For many Mumbaikars, the rickshaw is as important as taking the next breath of polluted air into our lungs. Or in the case of youngsters, as vital as taking a selfie on their smartphones. It’s an answer to a question that has plagued many developing nations across the globe; Is there an affordable, yet safe way of going from a certain point A to a certain point B? As it turns out, yes there is! Well, in Mumbai, at least. The vast majority of this article is going to be focused on our experiences with these funny looking things on a day-to-day basis, with some ranting of our own thrown in, just for some good measure.
So, what is an Auto-Rickshaw?
This is what Wikipedia has to say about it, “An auto rickshaw is a usually three-wheeled cabin cycle for private use and as a vehicle for hire. It is a motorized version of the traditional pulled rickshaw or cycle rickshaw.” Well, most of us know/call it as a auto or rickshaw. A mode of transportation that is readily available (theoretically, we will explain why’s that later) and is private enough, while at the same time, being part of Mumbai’s generic public-transportation system.
Now, most people aren’t aware of the different models of rickshaws that ply our roads. And rightfully so, we don’t care much about them. It’s suffice to say that there are at least four different manufacturers that make rickshaws; Bajaj, Piaggio, Force Motors and TVS. The Bajaj ones are the most common, followed by the others. In this article, we will only be concerned with the Bajaj ones, as this ain’t a rickshaw review article and/or we couldn’t be bothered with the rest. Maybe one day. Someday.
The Bajaj Compact 4S has no connections to the iPhone 4S.
The 2-stroke Bajaj Compact.
As we know by now, more power, means more speed. The Compact 4S is the more powerful of the two Bajaj rickshaws, here. And it will certainly reward you when you say “Arre bhaiyya, thoda jaldi chalao.” Of course, only if the driver doesn’t mind fulfilling your request for speed. Now, before we go any further, we would like to make a confession. Some of us on the Motoroids team had little clue what powered these tricycles with a hat for a roof. We presumed all along that there were some minions running somewhere in the helms of this thing and that’s what made it go. But, for all our viewers who are interested, we are glad to say that this thing on three wheels actually runs on an internal combustion engine.
The Compact 4S, for example, has a 199cc single-cylinder 4-stroke engine that incorporates Bajaj’s famed DTS-i (Digital Twin-spark Ignition) technology that they use on some of their motorbikes. This motor use either petrol or CNG as fuel and usually, both. This means the driver can switch between one type of fuel to the other with the flip of a switch.
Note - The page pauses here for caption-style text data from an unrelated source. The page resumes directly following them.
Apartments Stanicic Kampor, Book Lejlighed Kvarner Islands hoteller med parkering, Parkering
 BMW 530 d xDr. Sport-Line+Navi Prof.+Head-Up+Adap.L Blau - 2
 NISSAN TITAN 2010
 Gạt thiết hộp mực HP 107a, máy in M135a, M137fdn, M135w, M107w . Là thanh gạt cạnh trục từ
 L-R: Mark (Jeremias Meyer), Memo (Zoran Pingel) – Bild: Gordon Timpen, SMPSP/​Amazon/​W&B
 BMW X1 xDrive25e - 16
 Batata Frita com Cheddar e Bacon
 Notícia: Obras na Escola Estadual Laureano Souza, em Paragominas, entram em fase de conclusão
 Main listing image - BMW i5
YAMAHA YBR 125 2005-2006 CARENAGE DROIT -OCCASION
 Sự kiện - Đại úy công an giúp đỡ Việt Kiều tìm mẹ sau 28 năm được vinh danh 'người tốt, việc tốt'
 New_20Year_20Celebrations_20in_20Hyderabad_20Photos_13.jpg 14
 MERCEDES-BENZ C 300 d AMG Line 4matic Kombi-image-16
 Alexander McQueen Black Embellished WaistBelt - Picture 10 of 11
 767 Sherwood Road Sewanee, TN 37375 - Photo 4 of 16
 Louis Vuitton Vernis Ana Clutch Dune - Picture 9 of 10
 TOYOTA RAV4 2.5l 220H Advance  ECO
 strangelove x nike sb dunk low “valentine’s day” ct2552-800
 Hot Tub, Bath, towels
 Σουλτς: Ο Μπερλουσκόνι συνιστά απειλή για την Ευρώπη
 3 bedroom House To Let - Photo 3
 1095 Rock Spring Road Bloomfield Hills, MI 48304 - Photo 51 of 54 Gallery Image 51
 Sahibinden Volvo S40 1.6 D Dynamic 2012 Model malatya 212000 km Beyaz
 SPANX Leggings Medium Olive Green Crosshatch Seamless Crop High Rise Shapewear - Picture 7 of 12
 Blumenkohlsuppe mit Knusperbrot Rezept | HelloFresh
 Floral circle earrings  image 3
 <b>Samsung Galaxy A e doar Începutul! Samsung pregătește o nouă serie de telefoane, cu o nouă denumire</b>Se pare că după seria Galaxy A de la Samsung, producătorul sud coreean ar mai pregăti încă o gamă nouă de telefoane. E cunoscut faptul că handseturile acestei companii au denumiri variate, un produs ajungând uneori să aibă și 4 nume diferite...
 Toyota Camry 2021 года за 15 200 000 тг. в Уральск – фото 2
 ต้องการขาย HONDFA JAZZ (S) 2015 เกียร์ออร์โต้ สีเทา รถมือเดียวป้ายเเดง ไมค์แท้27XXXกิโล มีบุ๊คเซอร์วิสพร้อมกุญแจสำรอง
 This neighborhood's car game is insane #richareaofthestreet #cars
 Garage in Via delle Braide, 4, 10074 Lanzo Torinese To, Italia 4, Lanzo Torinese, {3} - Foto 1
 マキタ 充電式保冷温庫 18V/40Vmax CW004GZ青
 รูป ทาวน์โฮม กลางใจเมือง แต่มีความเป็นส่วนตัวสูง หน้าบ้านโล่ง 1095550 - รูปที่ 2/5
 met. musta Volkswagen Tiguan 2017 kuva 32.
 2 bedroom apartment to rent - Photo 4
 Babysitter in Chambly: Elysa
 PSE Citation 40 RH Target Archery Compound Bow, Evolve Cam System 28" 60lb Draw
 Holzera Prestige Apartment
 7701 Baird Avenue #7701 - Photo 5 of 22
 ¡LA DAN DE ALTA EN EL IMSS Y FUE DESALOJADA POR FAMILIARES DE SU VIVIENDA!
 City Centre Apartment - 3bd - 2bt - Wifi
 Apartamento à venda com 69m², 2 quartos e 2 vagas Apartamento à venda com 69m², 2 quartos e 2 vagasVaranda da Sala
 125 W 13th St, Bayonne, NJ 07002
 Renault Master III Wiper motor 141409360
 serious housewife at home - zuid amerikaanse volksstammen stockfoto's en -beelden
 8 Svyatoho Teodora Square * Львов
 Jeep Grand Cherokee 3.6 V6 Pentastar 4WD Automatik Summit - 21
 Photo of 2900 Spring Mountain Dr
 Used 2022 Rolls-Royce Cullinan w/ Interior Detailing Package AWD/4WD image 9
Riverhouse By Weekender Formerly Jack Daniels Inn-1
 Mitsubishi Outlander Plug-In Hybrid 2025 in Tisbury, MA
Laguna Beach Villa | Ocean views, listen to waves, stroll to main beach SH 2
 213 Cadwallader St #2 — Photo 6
The motor produces close to 12 bhp and 16.7 Nm of torque for the petrol variant, and 10 bhp and 13.6 Nm of torque for the CNG version. The ‘4S’ weighs just under 400 kg (depending on the fuel-type) and has a 4-speed transmission with 1 reverse gear. This reverse gear is activated by pulling a lever that’s placed on the floor and driver pushes it back down after the reversing maneuver. Or, he may as well push the thing back with his legs, the ‘Flintstones’ style.
This Compact 4S uses CNG as fuel.
The Compact, on the other hand, is a 2-stroke rickshaw that makes less power and also looks more ugly. This should be your choice if you don’t plan on using the highways and don’t have to go anywhere with an uphill gradient. The petrol Compact makes just under 9 bhp and 15.5 Nm of torque from its tiny 145cc single-cylinder motor. The CNG variant makes even less power, so we decided that we would rather not mention it here. This rickshaw also weighs less than its elder, more ‘powerful’ sibling. If you hear a rickshaw making a lot of ruckus, sounding like a fruit-blender, this is the culprit. The 4-stroke ones tend to be a lot quieter and, slightly less ugly. Also, the suspension on the 4S tends to absorb those bumps and craters on our roads a bit better.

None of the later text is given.